### Assigned task
Repeat the records below exactly, leaving out any pictures.

┄┄┄┄┄┄┄┄┄┄┄┄┄┄┄┄┄┄┄┄

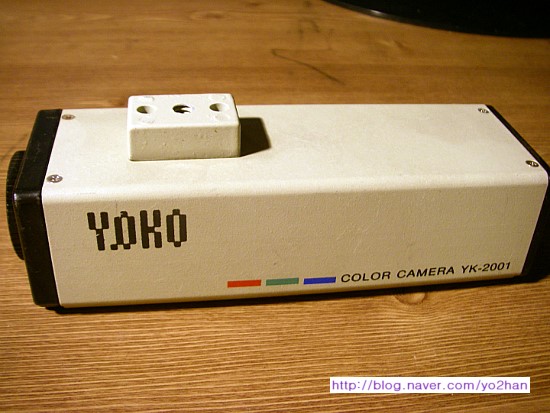 CCTV중고카메라 중고 요코 박스 카메라 중고CCTV YOKO BOX CAMERA (YK-2001) 중고 CCTV ★다보여 ...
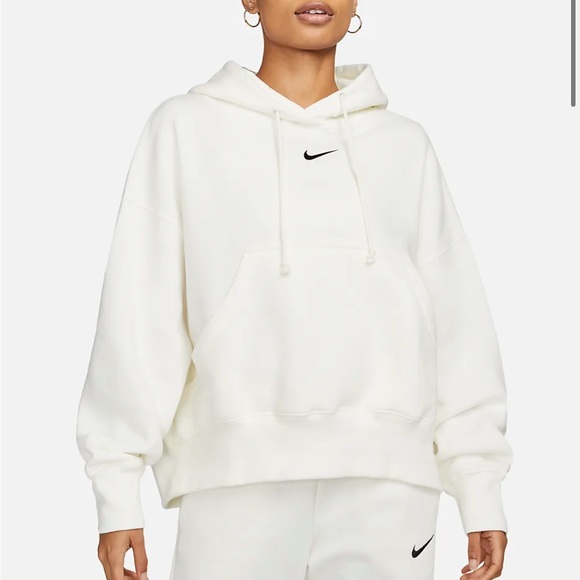 Nike Tops - Nike Sportswear Phoenix Fleece Women's Over-Oversized Pullover Hoodie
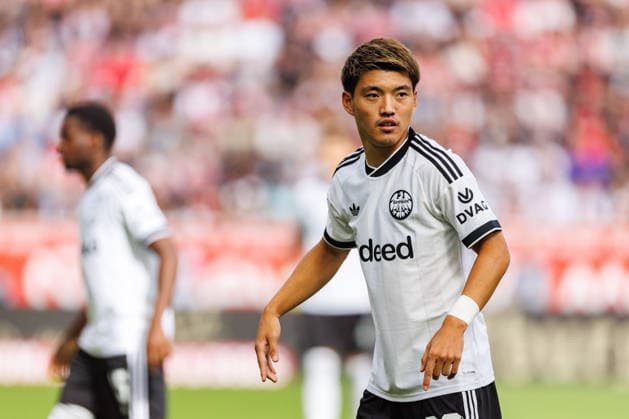 MAINZ, GERMANY - SEPTEMBER 12: Ritsu Doan (Eintracht Frankfurt, 20) during the Bundesliga match between 1. FSV Mainz 05 vs. Eintracht Frankfurt at MEWA Arena on matchday 3 of the 1. Bundesliga on September 12, 2026 in Mainz, Germany. DFL REGULATIONS PROHIBIT ANY USE OF PHOTOGRAPHS AS IMAGE SEQUENCES AND OR QUASI-VIDEO. Rhineland-Palatinate Germany Copyright: xStephanxHahnex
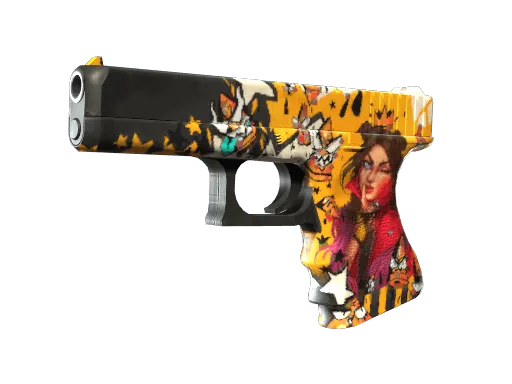 StatTrak™ Glock-18 | Bullet Queen (Factory New)
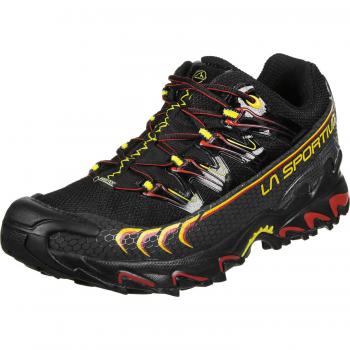 LA SPORTIVA Ultra Raptor GTX, Zapatillas de Trail Running Unisex Adulto, Multicolor Black Yellow 000, 41.5 EU
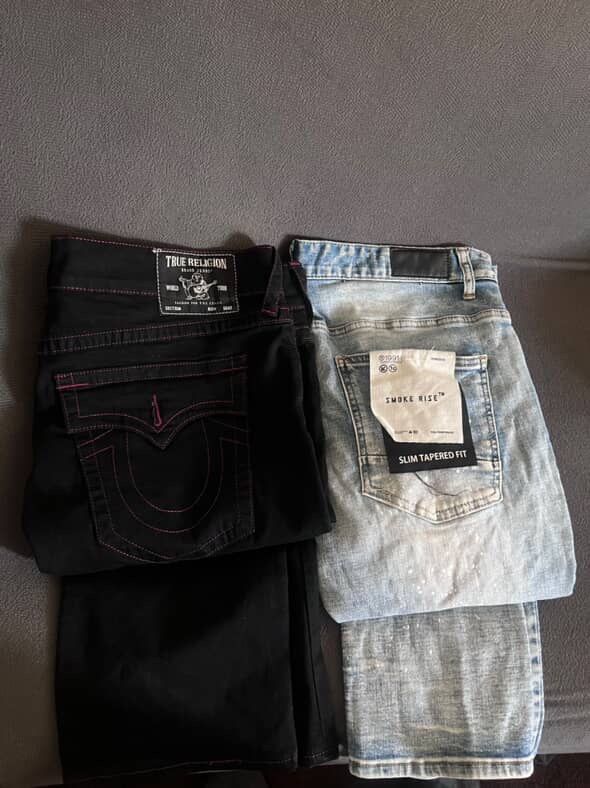 Smoke Rise Jeans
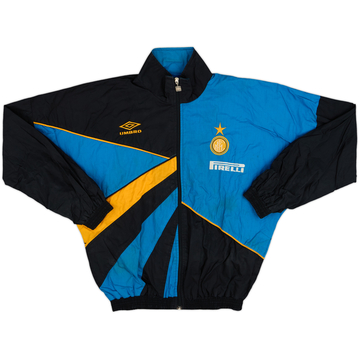1994-95 Inter Milan Umbro Track Jacket - 7/10 - (S)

┄┄┄┄┄┄┄┄┄┄┄┄┄┄┄┄┄┄┄┄

### The completed task
 CCTV중고카메라 중고 요코 박스 카메라 중고CCTV YOKO BOX CAMERA (YK-2001) 중고 CCTV ★다보여 ...
 Nike Tops - Nike Sportswear Phoenix Fleece Women's Over-Oversized Pullover Hoodie
 MAINZ, GERMANY - SEPTEMBER 12: Ritsu Doan (Eintracht Frankfurt, 20) during the Bundesliga match between 1. FSV Mainz 05 vs. Eintracht Frankfurt at MEWA Arena on matchday 3 of the 1. Bundesliga on September 12, 2026 in Mainz, Germany. DFL REGULATIONS PROHIBIT ANY USE OF PHOTOGRAPHS AS IMAGE SEQUENCES AND OR QUASI-VIDEO. Rhineland-Palatinate Germany Copyright: xStephanxHahnex
 StatTrak™ Glock-18 | Bullet Queen (Factory New)
 LA SPORTIVA Ultra Raptor GTX, Zapatillas de Trail Running Unisex Adulto, Multicolor Black Yellow 000, 41.5 EU
 Smoke Rise Jeans
1994-95 Inter Milan Umbro Track Jacket - 7/10 - (S)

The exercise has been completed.